Das Wehklagen ist groß unter Börsianern und Finanzjournalisten. Vom größten Kurssturz in der Geschichte des Dow-Jones-Index, des weltweit wichtigsten Barometers für Aktien, war am Dienstag die Rede. Doch diese Feststellung pickt nur einen Aspekt heraus: In Punkten handelt es sich tatsächlich um den größten Rückgang des Dow Jones, prozentuell stellt der Fall von 4,60 Prozent keine dramatische Erschütterung dar. Das Minus schafft es nicht auf die Liste der 50 größten Abstürze des Indikators, die vom Crash des 19. Oktober 1987 und einem Verfall von 22,61 Prozent angeführt wird.
Das ändert aber nichts daran, dass die Nervosität groß ist. Angesichts des stetigen Anstiegs der Kurse über die letzten Jahre gibt es viel Luft nach unten, befürchten viele Analysten und Ökonomen. Vielfach wird dem entgegengehalten, dass auch die Unternehmensgewinne hoch seien und daher die Bewertung passe. Doch Indikatoren, die Kurse und Profit vergleichen, zeigen ein klares Bild: Der von Nobelpreisträger Robert Shiller entwickelte CAPE-Index stand zuletzt bei 32 Punkten – das entspricht dem Doppelten des historischen Mittelwertes.
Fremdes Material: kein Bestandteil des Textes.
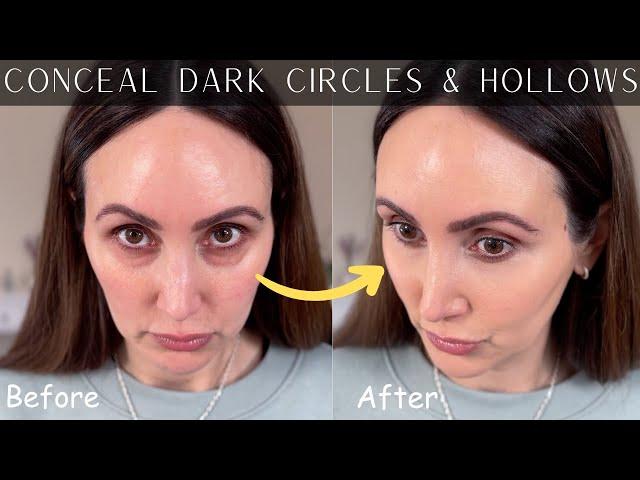 How to CONCEAL Under EYE HOLLOWS & DARK CIRCLES! A Simple Tutorial Using Minimal Product!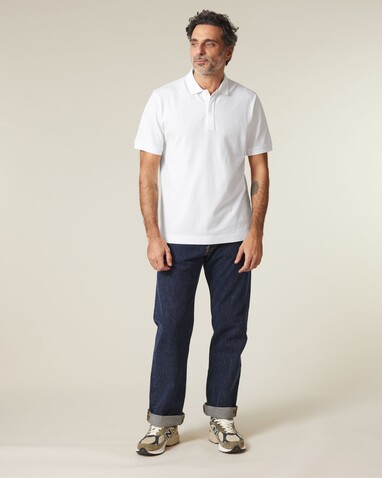 Prepster 2.0 - Das Unisex-Polo - White - M bedrucken, Art.-Nr. STPU222C0011M Prepster 2.0 - Das Unisex-Polo - White - M bedrucken, Art.-Nr. STPU222C0011M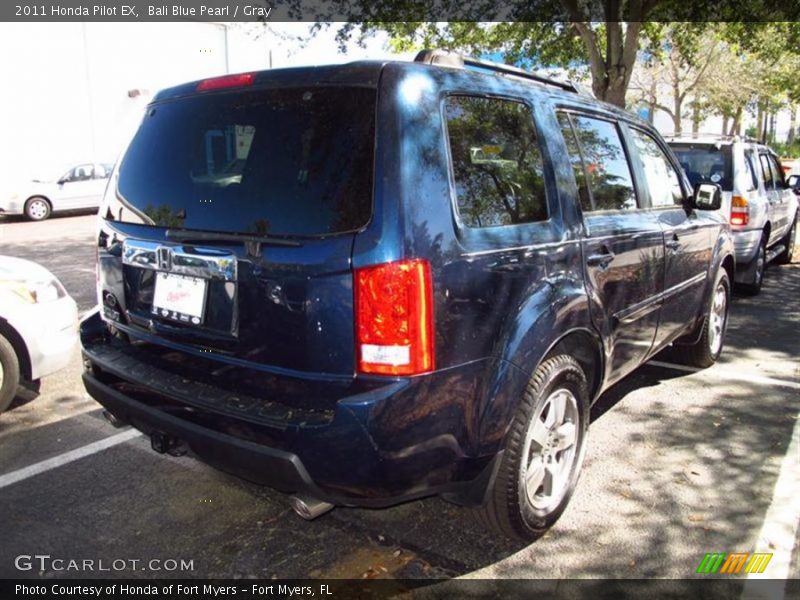 Bali Blue Pearl / Gray 2011 Honda Pilot EX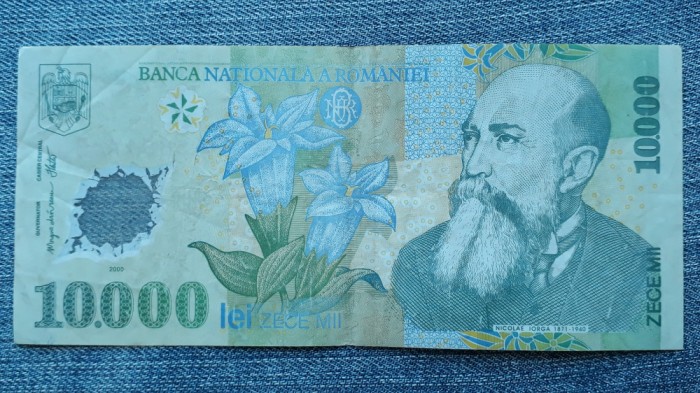 10000 Lei 2000 Romania Isarescu / seria 8173353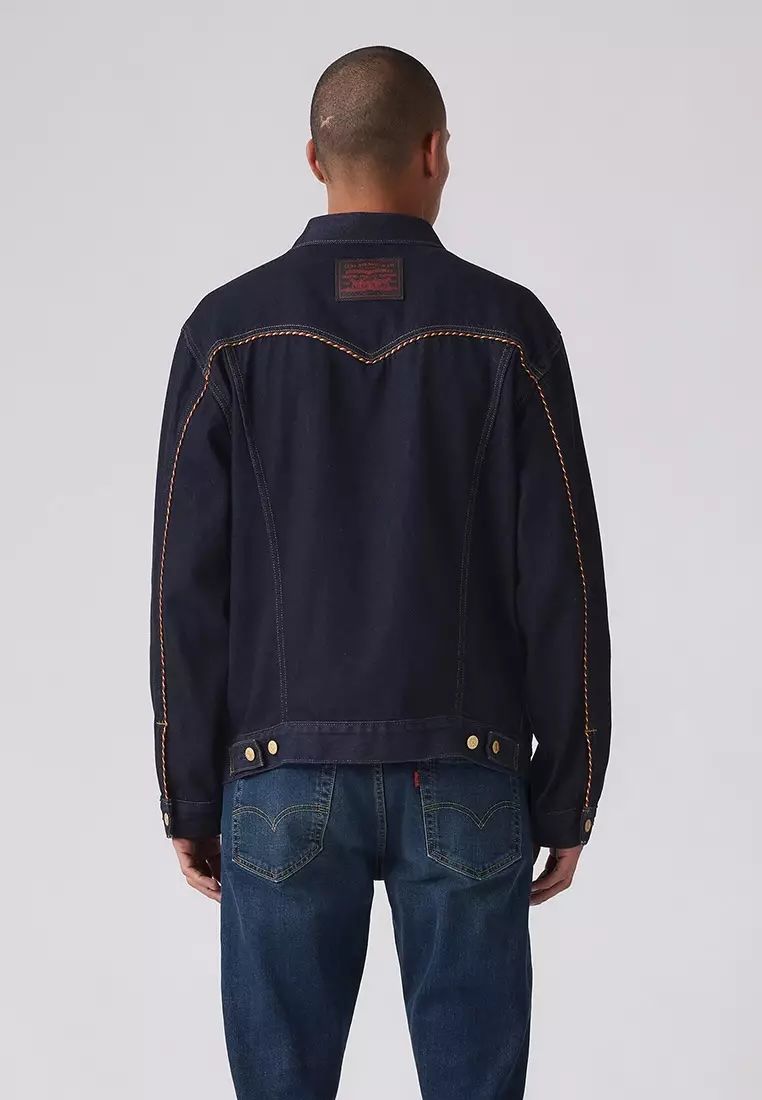 Levi's - Áo khoác jeans nam Men's Lunar New Year Embroidered Trucker Jacket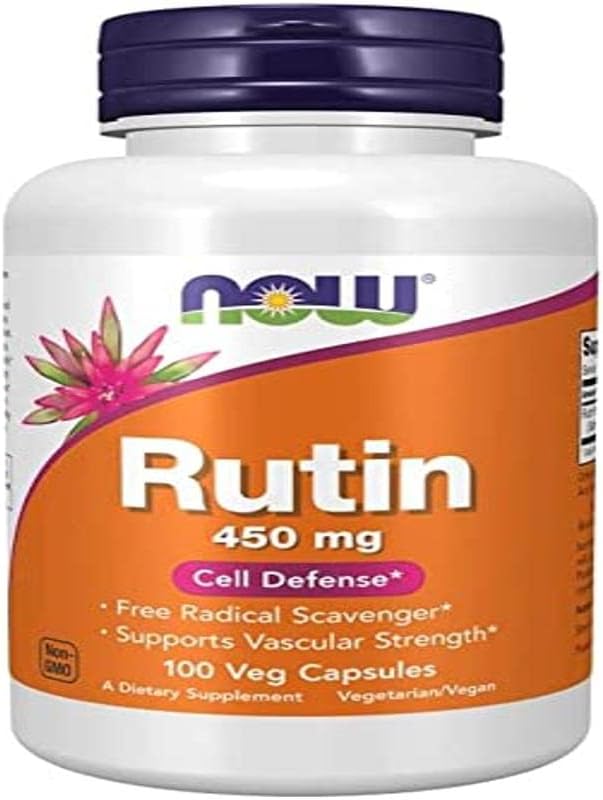 Now Foods Rutine, 450 mg, 100 Vegan Capsules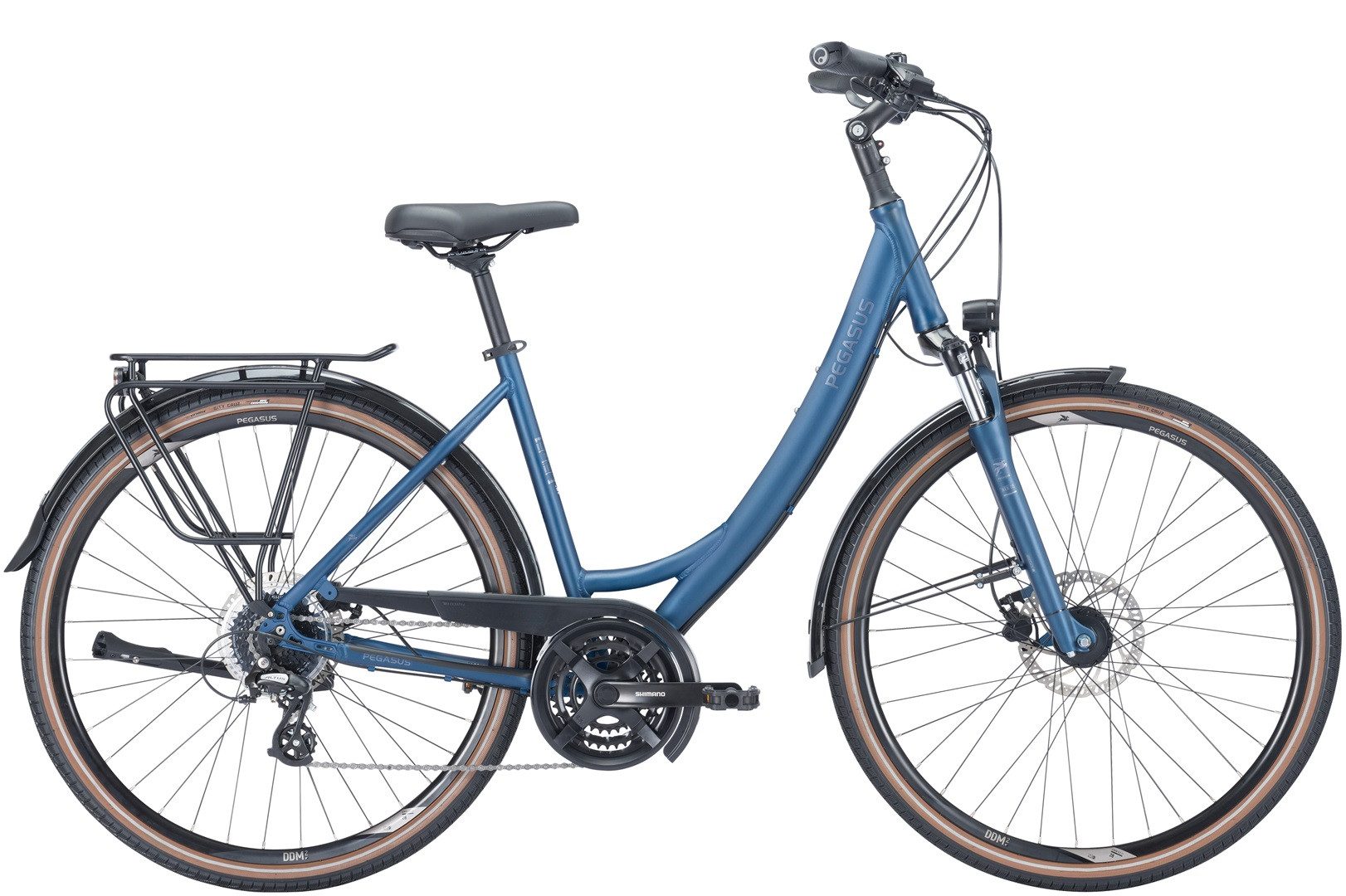 Pegasus Trekkingrad Pegasus Savona SL Disc 24 Damen petrol 2024, 24 Gang SHIMANO Acera, Kettenschaltung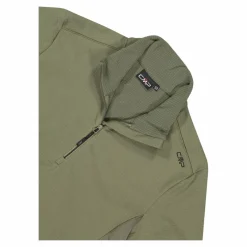 Herren Fleecepullover aus Grid Tech mit Stehkragen><noscript><img width=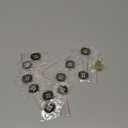 12PCS Four-Eye Metal Button Suit Buttons Crafts Button Decorative Buttons for Sewing DIY (25mm, Black Gold)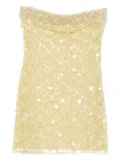 Roberta Einer sequin-embellished strapless mini dress - Green
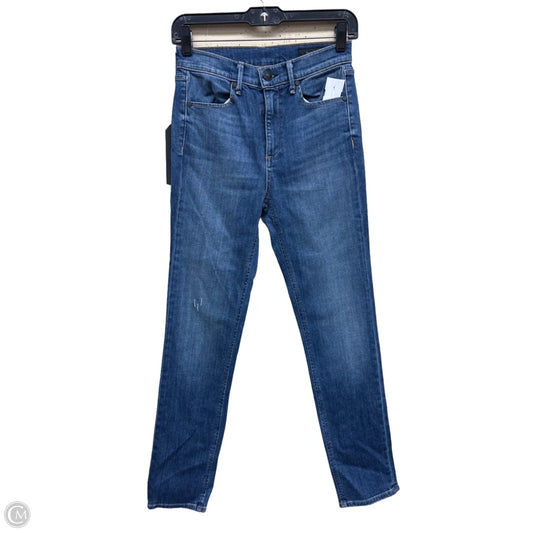 Jeans Straight By Rag & Bones Jeans In Blue Denim, Size: 0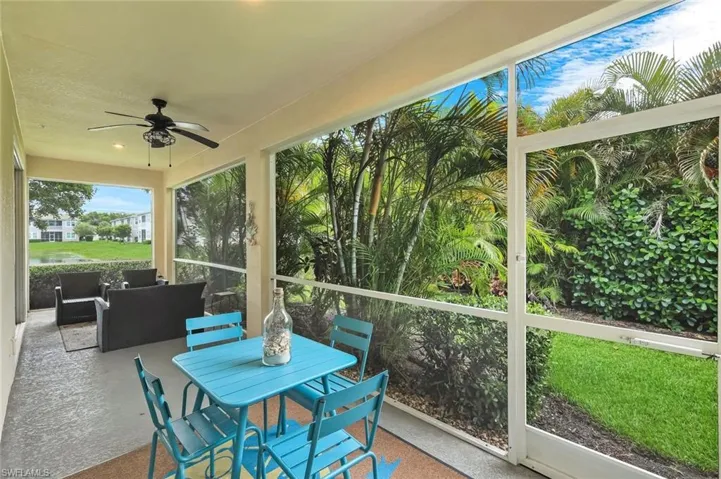 Large screened lanai with lots of privacy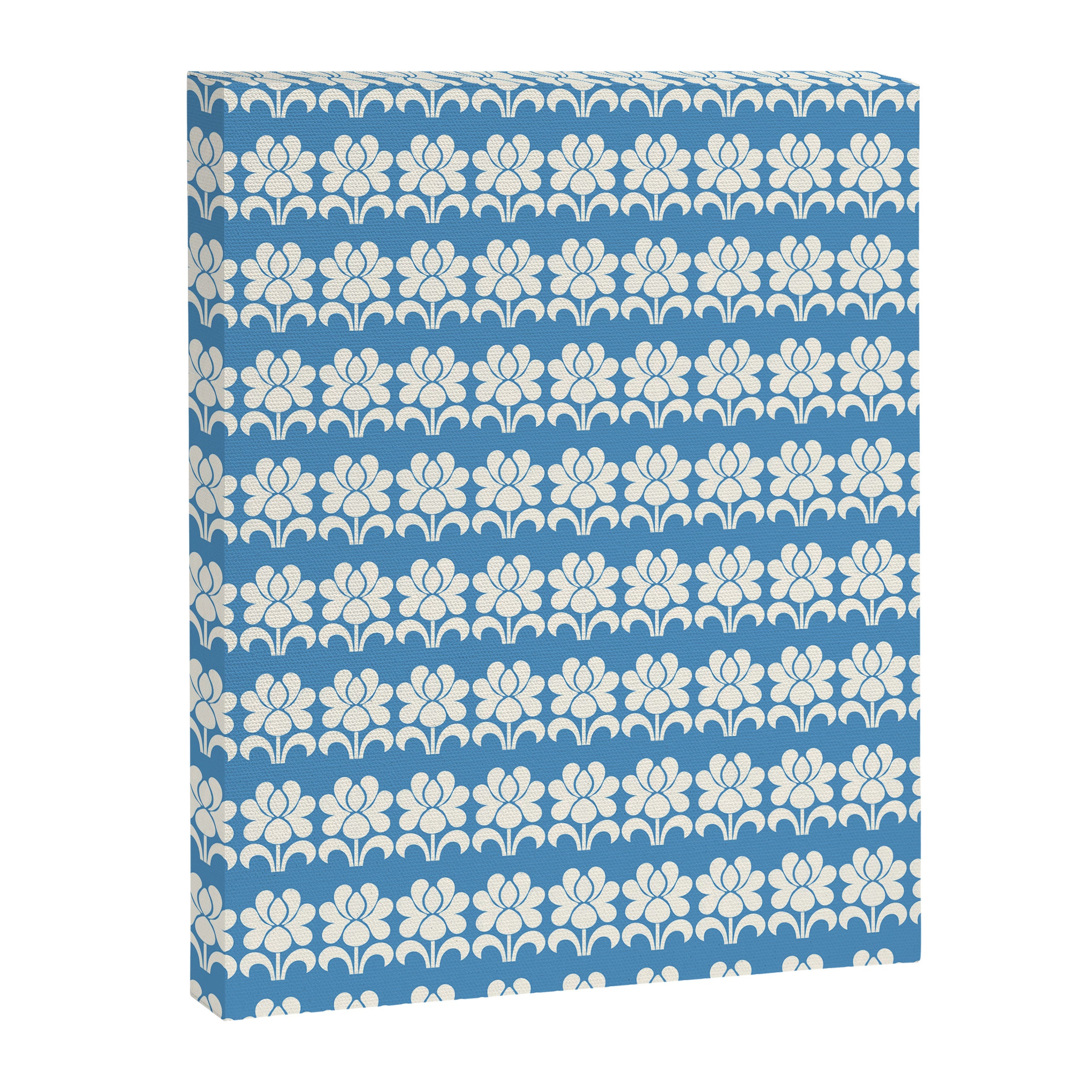 Charming Nostalgia Vintage Floral Design Canvas Print Gallery Image 8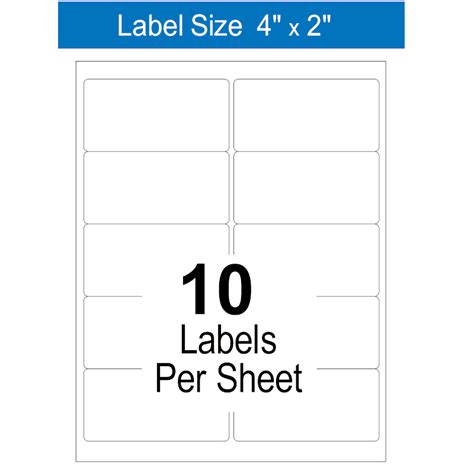 4" x 2" Laser Labels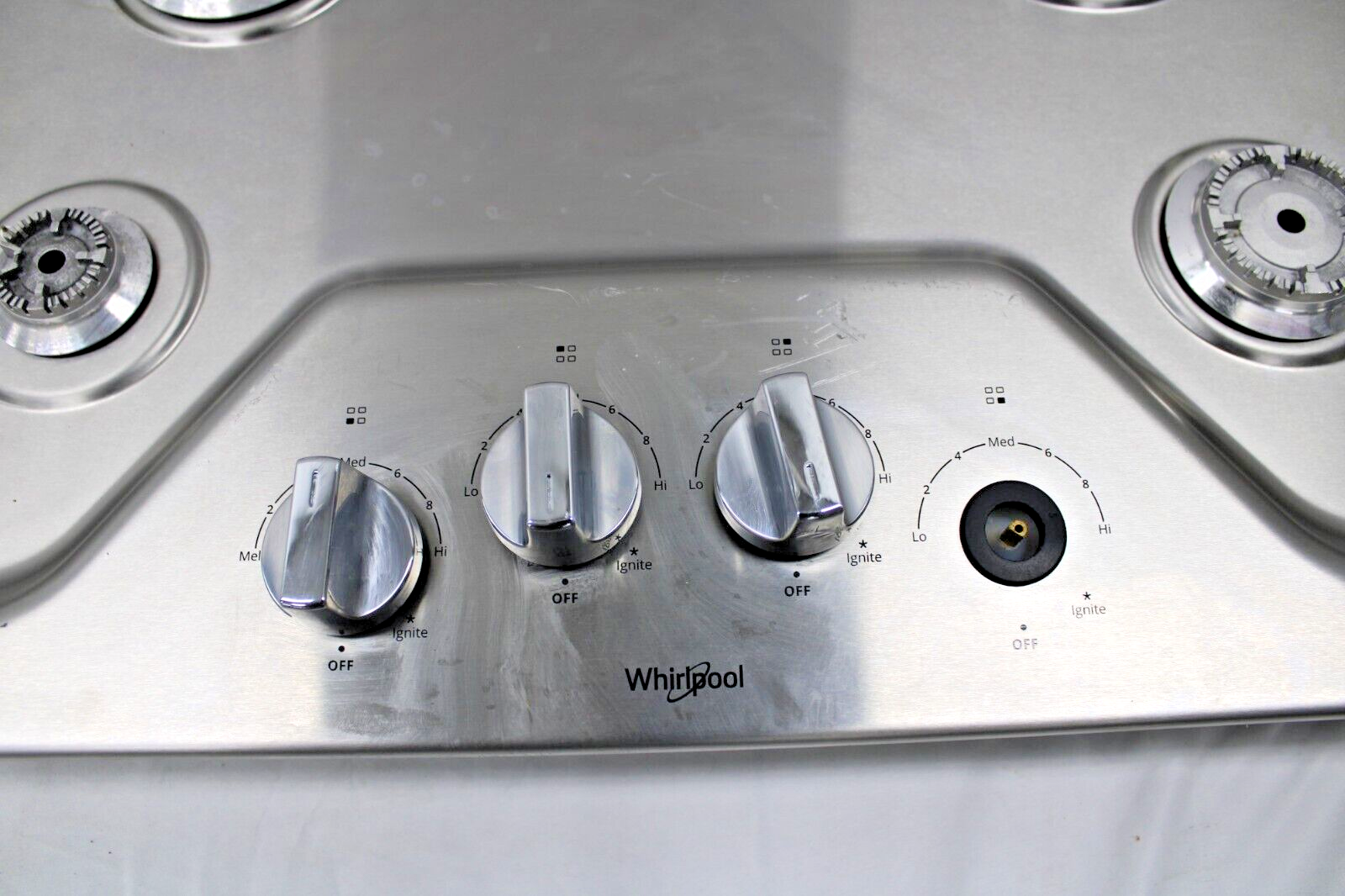 Whirlpool WCG55US0HS 30" Built-In Gas Cooktop in Stainless Steel (No Grates)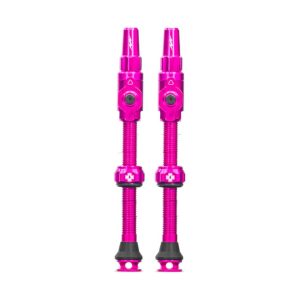 Muc-Off Big Bore Lite Tubeless Valves (Pink) (Pair) (Large) (45mm)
Diese hohe Bewertung der Aktien zeigt schon, dass es noch tief nach unten gehen könnte.
Absturz in Asien
Der Kurssturz vom Montag setzte sich am Dienstag in Asien fort. Vor allem in Tokio ging es mit sechs Prozent deutlich bergab. In Europa hielten sich die Verluste vergleichsweise in Grenzen.
Doch zurück zu New York: Was ist nun der Grund für den rapiden Kursverfall an der Wall Street? Die meisten Börsianer sehen den Auslöser in den steigenden Inflationserwartungen. Eine stärkere Teuerung lässt die Anleihezinsen steigen, was sich in den USA vergangene Woche bereits deutlich bemerkbar machte: Die Rendite zehnjähriger Staatsanleihen überstieg die Marke von 2,8 Prozent. Werfen Bonds mehr ab, werden sie im Vergleich zu Aktien attraktiver, was deren Kurse drückt.
Stop-Loss
Letztlich ist das Börsenbild aber immer eine Kombination ökonomischer, technischer und emotionaler Einflussfaktoren, und da tut sich einiges. Technisch bedingt sind die massiven Einbrüche in kurzer Zeit. Überschreiten die Verluste ein gewisses Ausmaß, werfen computergesteuerte Programme automatisch Aktien auf den Markt, wodurch der Absturz beschleunigt wird. Börsianer sprechen von Stop-Loss-Ordern. Und dann gibt es da eben auch die Psychologie, die Emotion, den Herdentrieb. Börsianer lassen sich schnell von einem Trend anstecken und geraten in Panik. Das ist der Stoff, aus dem die Albträume sind. (red, 6.2.2018)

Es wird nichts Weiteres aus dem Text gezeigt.